Mancunians rightly take pride in their building stock, to which csu is a distinguished addition. But at another level, it offers a convincing paradigm for re-ordering our damaged urban fabric and clearly marks another significant step in the development of Hodder’s oeuvre.
Peter Fawcett is professor of architecture at the University of Nottingham
The first design team meeting was held sitting around a small cardboard model. This model became invaluable as this is a building in which plans or elevations do not describe the interlocking of the bent plate forms.
It was decided that the building would not be air-conditioned but that the floor structure would act as a heat sink. The ceiling then had to make a visual impression, and gentle curves were chosen to create a relaxed, calm form.
Part of the structure’s responsibility was to ensure that the rhythm of the 1:2 module was consistent outside and in. The form of the floor plate was determined by the need to transfer loads first to the grid lines and thence to the columns. The thickening of the slab to create the required lever arms was achieved with a curved form, which was splayed to give a minimal cantilever edge support to the cladding above.
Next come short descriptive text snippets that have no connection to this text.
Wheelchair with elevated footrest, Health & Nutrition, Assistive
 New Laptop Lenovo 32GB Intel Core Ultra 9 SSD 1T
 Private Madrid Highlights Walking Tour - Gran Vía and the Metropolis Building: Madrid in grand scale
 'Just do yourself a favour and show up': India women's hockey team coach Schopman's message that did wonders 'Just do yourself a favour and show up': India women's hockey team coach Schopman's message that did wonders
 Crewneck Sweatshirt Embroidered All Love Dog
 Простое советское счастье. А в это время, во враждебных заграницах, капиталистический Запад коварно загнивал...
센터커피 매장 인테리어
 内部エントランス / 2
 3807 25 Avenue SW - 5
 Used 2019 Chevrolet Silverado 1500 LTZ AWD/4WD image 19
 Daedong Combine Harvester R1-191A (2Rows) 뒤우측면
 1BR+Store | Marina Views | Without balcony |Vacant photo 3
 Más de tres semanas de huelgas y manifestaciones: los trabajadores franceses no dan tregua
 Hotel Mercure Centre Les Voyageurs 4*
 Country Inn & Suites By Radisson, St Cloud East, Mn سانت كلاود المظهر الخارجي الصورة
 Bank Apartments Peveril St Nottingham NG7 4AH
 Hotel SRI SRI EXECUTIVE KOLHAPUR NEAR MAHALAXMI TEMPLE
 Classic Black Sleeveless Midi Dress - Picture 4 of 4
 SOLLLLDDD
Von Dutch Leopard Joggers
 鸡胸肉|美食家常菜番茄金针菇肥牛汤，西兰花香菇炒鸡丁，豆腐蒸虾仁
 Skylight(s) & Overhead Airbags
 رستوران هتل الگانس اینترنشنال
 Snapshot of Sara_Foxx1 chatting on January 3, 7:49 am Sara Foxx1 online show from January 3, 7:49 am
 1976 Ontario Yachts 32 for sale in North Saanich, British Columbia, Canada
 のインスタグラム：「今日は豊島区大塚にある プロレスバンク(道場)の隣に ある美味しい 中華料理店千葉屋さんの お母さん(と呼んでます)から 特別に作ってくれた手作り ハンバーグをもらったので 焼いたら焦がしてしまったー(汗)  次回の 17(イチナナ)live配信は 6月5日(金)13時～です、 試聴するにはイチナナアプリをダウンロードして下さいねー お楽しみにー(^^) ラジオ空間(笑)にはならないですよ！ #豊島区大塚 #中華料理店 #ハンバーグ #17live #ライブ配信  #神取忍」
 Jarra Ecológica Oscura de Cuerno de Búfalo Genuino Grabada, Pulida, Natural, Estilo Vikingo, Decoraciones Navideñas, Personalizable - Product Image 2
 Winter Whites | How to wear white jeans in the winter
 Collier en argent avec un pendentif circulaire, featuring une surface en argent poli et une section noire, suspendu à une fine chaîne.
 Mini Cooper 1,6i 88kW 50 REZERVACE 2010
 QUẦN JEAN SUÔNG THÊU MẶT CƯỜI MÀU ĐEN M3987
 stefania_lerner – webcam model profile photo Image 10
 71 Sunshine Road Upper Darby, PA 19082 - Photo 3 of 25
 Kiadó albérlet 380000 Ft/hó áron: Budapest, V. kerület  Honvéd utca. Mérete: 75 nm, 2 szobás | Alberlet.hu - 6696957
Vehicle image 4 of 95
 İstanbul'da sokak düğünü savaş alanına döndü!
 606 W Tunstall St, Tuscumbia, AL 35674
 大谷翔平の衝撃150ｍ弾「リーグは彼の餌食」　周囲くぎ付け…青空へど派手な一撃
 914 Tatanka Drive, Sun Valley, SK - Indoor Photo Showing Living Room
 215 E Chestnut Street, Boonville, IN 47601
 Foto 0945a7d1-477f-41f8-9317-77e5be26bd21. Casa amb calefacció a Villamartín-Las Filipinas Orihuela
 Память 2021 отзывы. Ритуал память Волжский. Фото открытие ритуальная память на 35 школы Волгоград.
The curved form also expresses the way the load flows from the centre of the arch to the springing or central beam. Careful detailing with shadow gaps at the junctions of columns and floor ensured a clean soffit.
The roof is supported on structural tees 76mm x 64mm and 3.25m high, making a height-to-width ratio of 42. These tees are effectively hidden within the W20 glazing and allow the roof plate to float across the vertical folds. A lightweight roof construction allows the trees to be minimal. Careful detailing reduced any eccentricity.
The treads of the main access stairs were bolted onto the wall using long bolts, post-tensioned to 5 tonnes per bolt in order to clamp the treads securely to the wall.
Stairs to the cores were moulded to express their nature from below as well as above using a sawtooth reinforced concrete stair.